*Source material*.

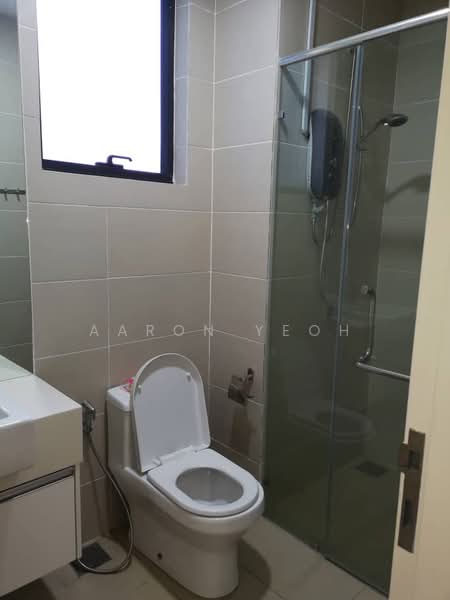 Service Residence for Sale at Icon Residenz 2 @ Icon City - Aaron Yeoh - Bathroom - PropertyGuru.com.my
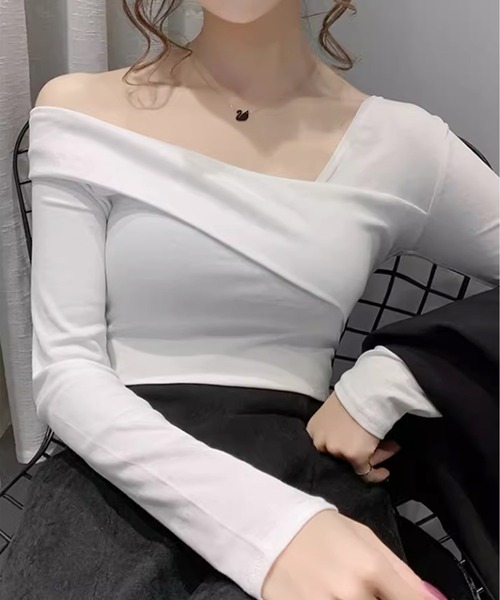 ROOPTOKYO（ループトウキョウ）の「2WAY オフショルデザイン トップス 秋物 秋服 2026年秋冬（Tシャツ/カットソー・レディース・ホワイト/レッド・S/M）」の5枚目の写真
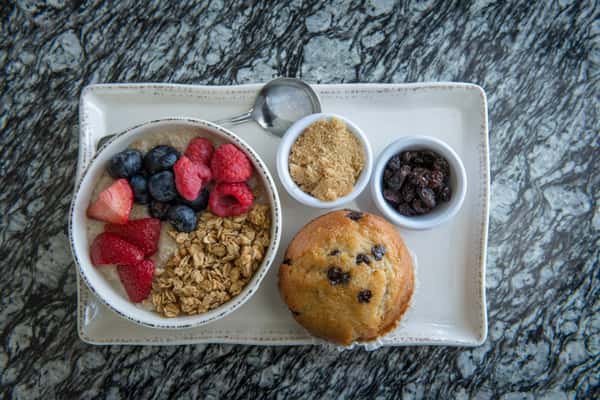 Trio Berries Oatmeal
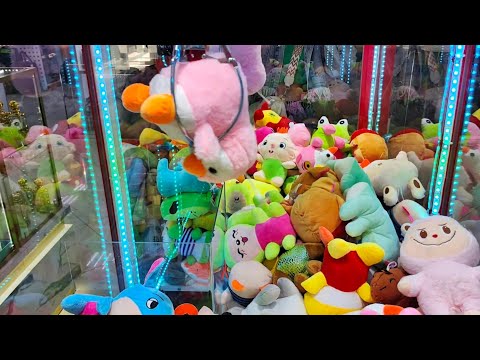 Видео: Играем в разных аппаратах, где повезёт? Милейший пингвинчик в новой Хватайке и аппарат Telephone👌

*The task*.
Word for word, restate the lines from the one containing "ROOPTOKYO（ループトウキョウ）の「2WAY オフショルデザイン トップス" through the end of the listing, and nothing more. Skip the pictures.

*Task solution*.
 ROOPTOKYO（ループトウキョウ）の「2WAY オフショルデザイン トップス 秋物 秋服 2026年秋冬（Tシャツ/カットソー・レディース・ホワイト/レッド・S/M）」の5枚目の写真
 Trio Berries Oatmeal
 Видео: Играем в разных аппаратах, где повезёт? Милейший пингвинчик в новой Хватайке и аппарат Telephone👌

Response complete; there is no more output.